Photo: Uribe and the Wiretapping Scandal
The Washington Post published over the weekend a very comprehensive article providing significant information about the financing of illegal operations carried out by the Colombian government.
According to law enforcement documents obtained by The Washington Post and interviews with prosecutors and former Colombian intelligence officials, billions of dollars, special hardware and software and technical and military training provided over the last decade to elite units of the Colombian intelligence agency “DAS” (Administrative Security Department), were allegedly used to carry out spying operations, blackmail and to smear campaigns against Supreme Court justices, former President Alvaro Uribe’s political opponents and civil society groups.
Since the nineties, and under three administrations, Colombia has been Washington’s closest ally in Latin America, a title that comes with financial benefits: $6 billion in aid were awarded to the nation during Uribe’s 2002-10 presidency.

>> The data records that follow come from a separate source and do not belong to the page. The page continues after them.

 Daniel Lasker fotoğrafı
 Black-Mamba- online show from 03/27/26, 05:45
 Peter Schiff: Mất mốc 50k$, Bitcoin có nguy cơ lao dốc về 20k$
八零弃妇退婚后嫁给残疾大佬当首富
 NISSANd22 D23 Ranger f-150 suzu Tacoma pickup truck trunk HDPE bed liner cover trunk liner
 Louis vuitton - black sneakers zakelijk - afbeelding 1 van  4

The Washington Post reports that a former DAS director said in an interview that “DAS units depended on U.S.-supplied computers, wiretapping devices, cameras and mobile phone interception systems, as well as rent for safe houses and petty cash for gasoline. “We could have operated” without U.S. assistance, he said, “but not with the same effectiveness.”

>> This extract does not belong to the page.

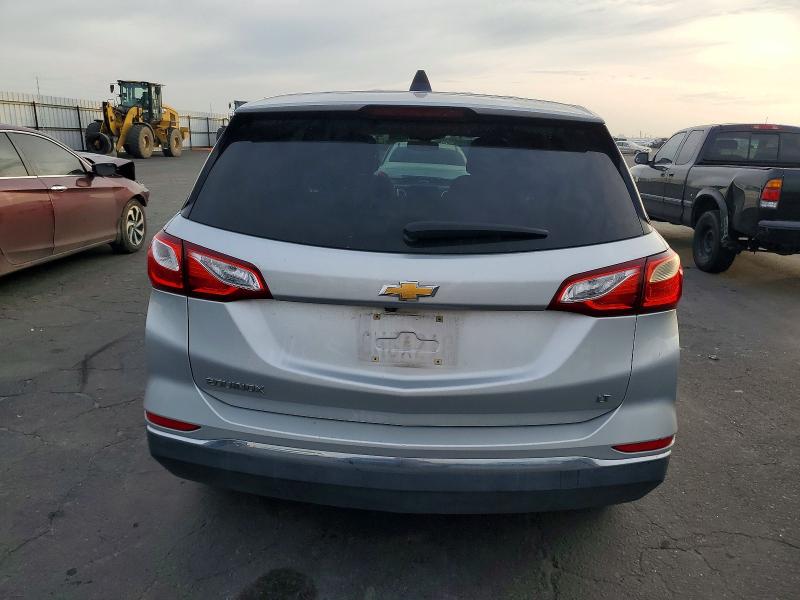 Photo 6 from auction – 2019 CHEVROLET EQUINOX LT with VIN 3GNAXKEV3KL129363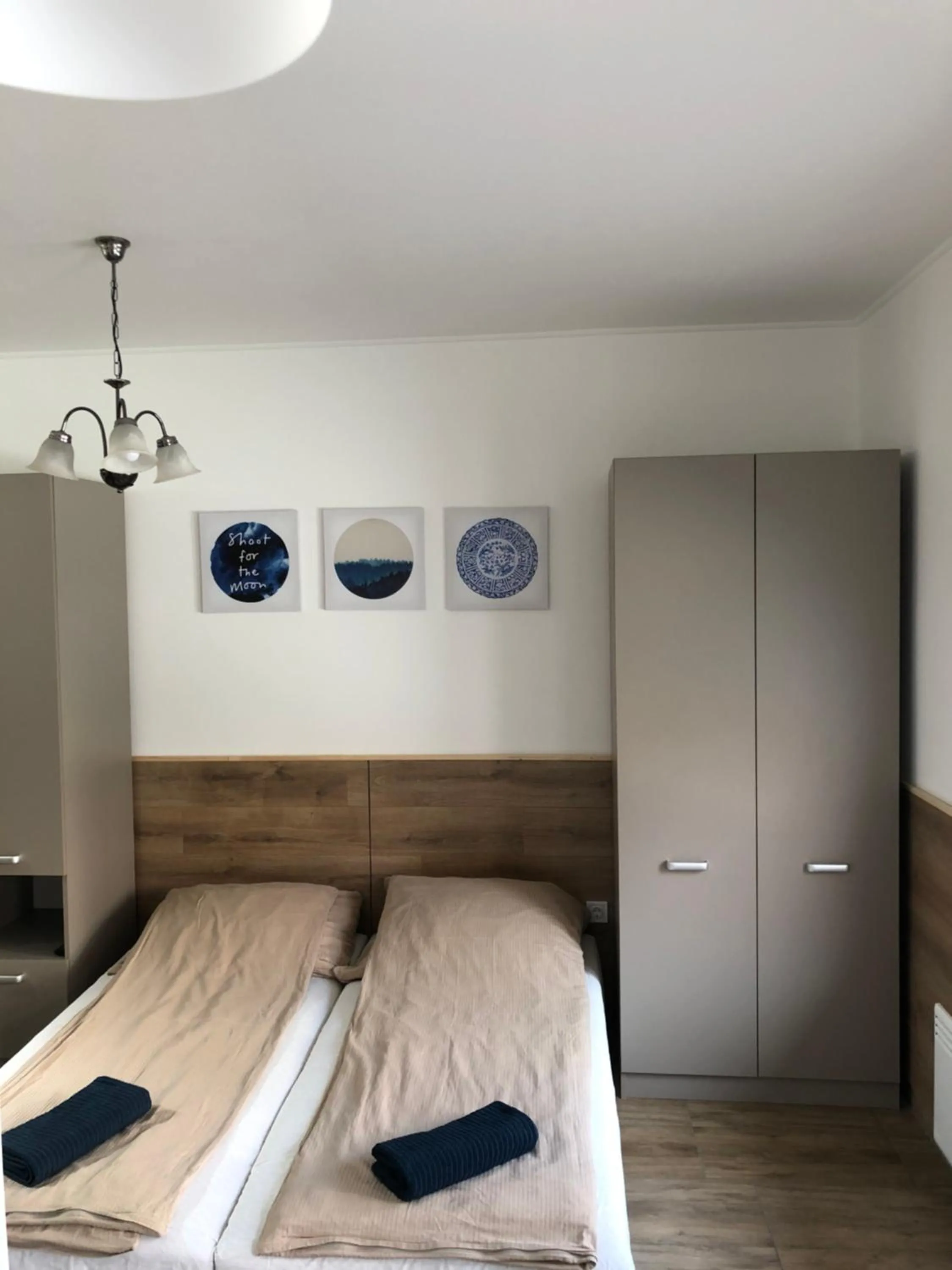 Avas Apartman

Uribe himself is under investigation by a special legislative commission whose constitutional power trumps Uribe’s Ex-President Diplomatic Immunity.

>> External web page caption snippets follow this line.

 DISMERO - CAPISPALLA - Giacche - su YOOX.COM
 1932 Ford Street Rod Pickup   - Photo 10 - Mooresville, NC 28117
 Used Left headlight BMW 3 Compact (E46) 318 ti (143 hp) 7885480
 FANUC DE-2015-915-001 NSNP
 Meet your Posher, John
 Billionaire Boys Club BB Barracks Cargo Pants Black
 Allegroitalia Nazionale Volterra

American officials denied having knowledge of or having been involved in questionable operatives committed by the DAS and Colombian prosecutors have not accused any Americans of wrongdoing.
The Colombian newspaper El Tiempo said on Tuesday that Colombia’s attorney general Viviane Morales met with Washington Post delegates to make clear that her office has no open investigations on the supposed irregular handling of U.S. aid tied to the wiretapping scandal; former President Alvaro Uribe said to be “profoundly disappointed” with the article and sent a protest letter to the Washington Post.
U.S. Embassy in Colombia officials said they didn’t know if the equipment sent by the U.S. was used for illegal operations, later they said the Washington Post’s version was “incorrect.”